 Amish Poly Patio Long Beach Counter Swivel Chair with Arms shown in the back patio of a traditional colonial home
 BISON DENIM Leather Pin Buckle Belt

----

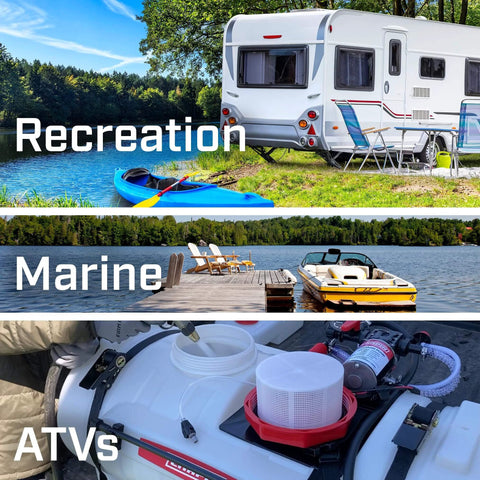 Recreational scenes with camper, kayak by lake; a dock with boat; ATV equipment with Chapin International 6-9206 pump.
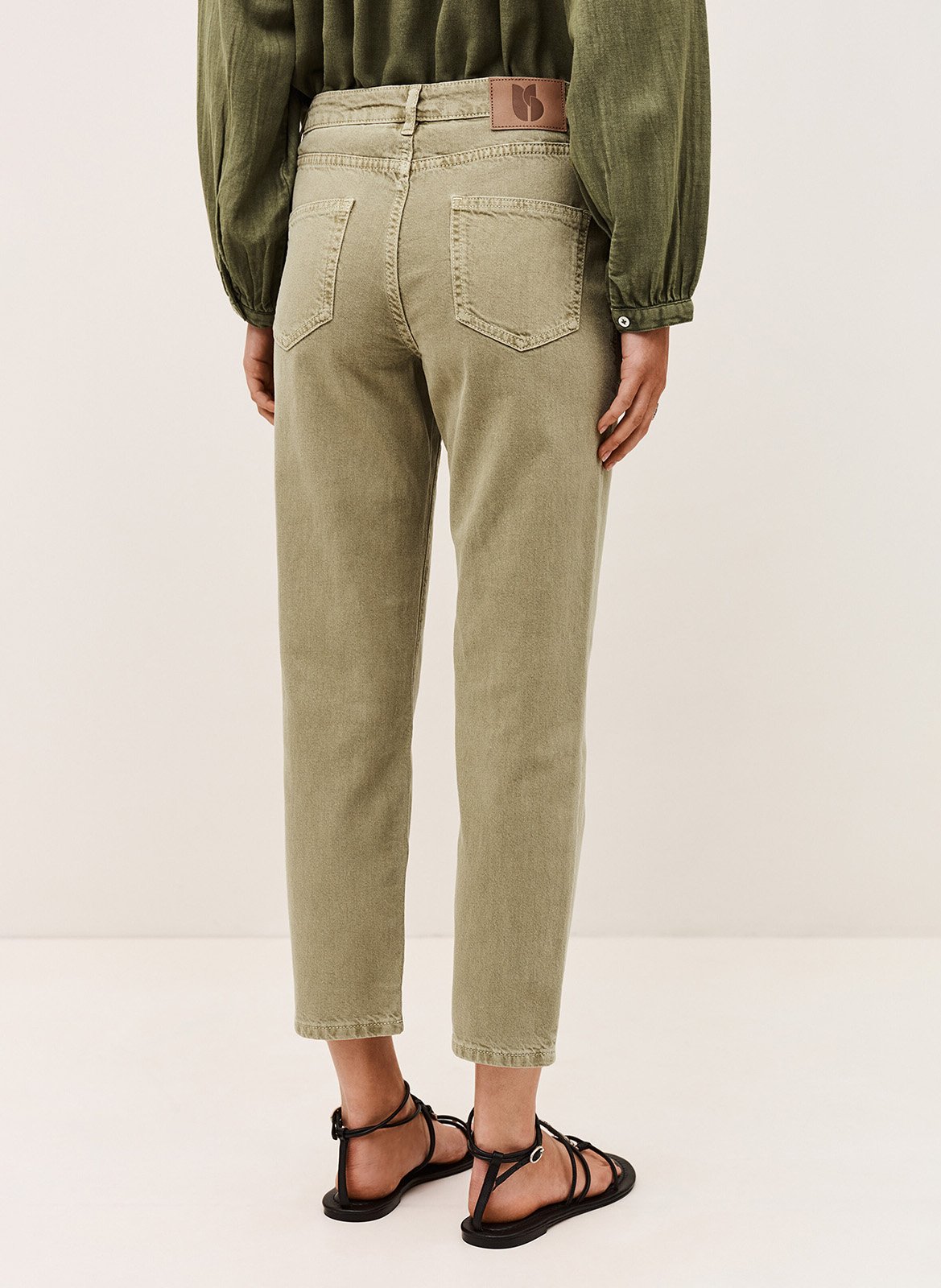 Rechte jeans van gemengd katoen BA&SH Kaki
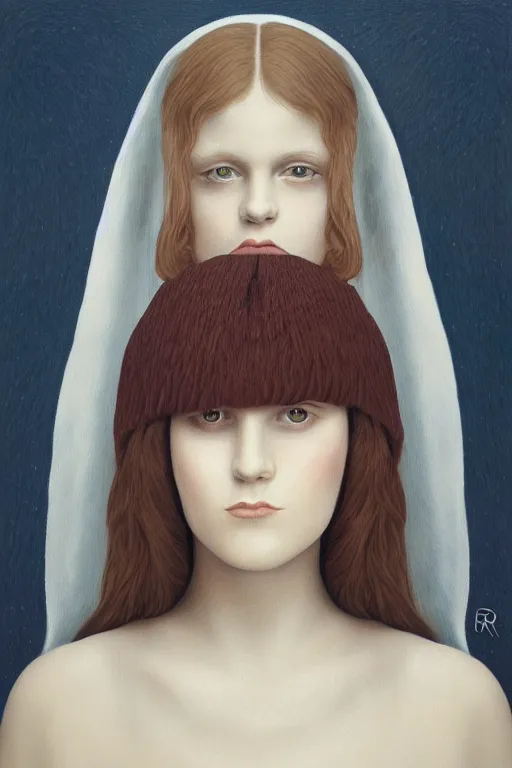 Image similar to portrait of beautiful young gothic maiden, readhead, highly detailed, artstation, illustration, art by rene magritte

----

» **REQUIREMENT**
Above are the records; please give again, exactly and in full, only the lines that run from the line with "Rechte jeans van gemengd katoen BA&SH Kaki" through the line with "Image similar to", with no pictures.

» **WORKED SOLUTION**
 Rechte jeans van gemengd katoen BA&SH Kaki
 Image similar to portrait of beautiful young gothic maiden, readhead, highly detailed, artstation, illustration, art by rene magritte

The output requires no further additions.